I know what you mean. 

You can try:

- at the back of the box
- somewhere inside the instruction manual
- on a piece of card you almost threw out
- on the reverse of the CD sleeve, where it looks like junk numbering
- on a sticker on any other lose material within the box. :0


----------



## AmonRa (Dec 1, 2004)

damn i hate CD keys, they are a bugger (can i say bugger on this forum ? ^^) to find, and when you have found them and typed it in you find that you've made a mistake, second time round you get it right but then a message tells you 'caps sensative'  >.<


----------



## Hypes (Dec 1, 2004)

Bugger.


----------



## aftermath (Dec 2, 2004)

LOL. 

 when i bought Day of defeat, i got if used from EB games, and they guarantee their games. 

 I get home. No cd key at all.  So I go back and htey give me two cd keys. I luahged because i basically have two copies of the game for the price of one.


----------



## Frost (Dec 2, 2004)

I know how frustrating it can get when you can't find a CD Key.

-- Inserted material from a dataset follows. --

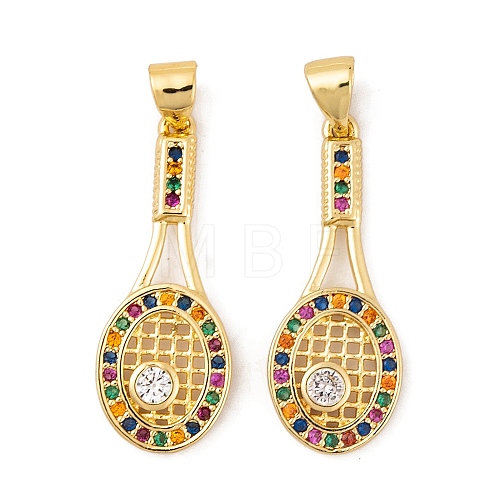 Brass Micro Pave Cubic Zirconia Pendants KK-E108-25G-1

Experienced the same problem with Half Life Generations a few years ago - I couldnt find the CD Key for it and took hours looking in the bins to see if it was on the packaging - I eventually found it on the CD Case - it was in a very tiny box right in the bottom corner.


----------



## Rane Longfox (Dec 8, 2004)

Whats worse of course, is when they say you need the CD key, so spend years looking for it, but don't actually ask for it when you install. Pfah. Damn R:TW


----------